Let's go through each of these, one at a time. We'll consider not just whether we can use a tuple without generating errors, but whether it will make sense to do so in the context of building a program that deals with poker.

Note: The next post in this series will cover profiling. Profiling tools and strategies allow you to do much more targeted optimization, but going through each possible place to use a tuple in this example will be interesting as well.

The list all_cards

The list all_cards is always used the same way; we just pull cards from it randomly. We never add anything to it, and we never remove anything from it. All we ever do is read from this list.

If you're working on a program like this that simulates hands, it's safe and reasonable to convert this to a tuple.
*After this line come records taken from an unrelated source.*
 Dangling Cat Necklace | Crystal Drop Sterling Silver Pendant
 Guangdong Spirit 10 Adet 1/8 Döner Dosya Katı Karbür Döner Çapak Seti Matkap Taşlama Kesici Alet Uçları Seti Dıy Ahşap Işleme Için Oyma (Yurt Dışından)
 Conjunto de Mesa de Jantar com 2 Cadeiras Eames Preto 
One of the main reasons to keep using a list here is if you're simulating a deck, and you want to remove a card from the list each time it's dealt into a hand.

We're not doing that, so let's replace this with a tuple and see if it breaks the program. If it still works, we'll see if there's any impact on the efficiency of the program:

all_cards = (2, 3, 4, 5, 6, 7, 8, 9, 10, 'j', 'q', 'k', 'a')
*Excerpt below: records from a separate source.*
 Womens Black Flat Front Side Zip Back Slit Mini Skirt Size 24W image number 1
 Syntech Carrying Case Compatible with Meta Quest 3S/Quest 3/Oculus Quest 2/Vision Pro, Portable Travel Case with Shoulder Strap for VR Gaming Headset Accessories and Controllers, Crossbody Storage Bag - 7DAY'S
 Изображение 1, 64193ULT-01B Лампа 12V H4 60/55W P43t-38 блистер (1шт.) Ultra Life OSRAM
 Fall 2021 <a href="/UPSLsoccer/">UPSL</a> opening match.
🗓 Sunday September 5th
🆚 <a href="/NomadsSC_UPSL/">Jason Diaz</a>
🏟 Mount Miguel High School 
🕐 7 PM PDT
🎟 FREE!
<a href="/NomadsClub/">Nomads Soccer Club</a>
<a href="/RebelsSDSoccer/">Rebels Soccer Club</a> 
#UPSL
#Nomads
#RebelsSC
We just changed one line. The program still works, but it still takes 15.9 seconds on my system.

The sequence all_cards is created once, but read from many times. The dynamic nature of the list does not impact this program’s performance much, so replacing it with a tuple doesn’t improve the program’s efficiency.

Each hand as a tuple

In this example, every hand is stable as soon as it's drawn. We never remove cards from a hand, and we never add cards to the hand. That's not true for all variations of poker. If your program needs to handle variations of poker with dynamic hands, tuples would not work.

Let's return each hand as a tuple, and see what happens. This only requires a modification to get_hand():

def get_hand(hand_size=5):
    """Return a hand of cards."""
    return tuple(choice(all_cards) for _ in range(hand_size))

Making this one change decreases the program's execution time to 12.6 seconds on my system, for a speedup of just over 20%. That's great!

Changing all_cards() to a tuple didn't help. That data structure was read a bunch of times, but it was only ever created once. In this case, we're changing 5,000,000 data structures from lists to tuples, and then every one of those is read from multiple times when checking for winners. This has a much more significant impact on the overall efficiency of the program.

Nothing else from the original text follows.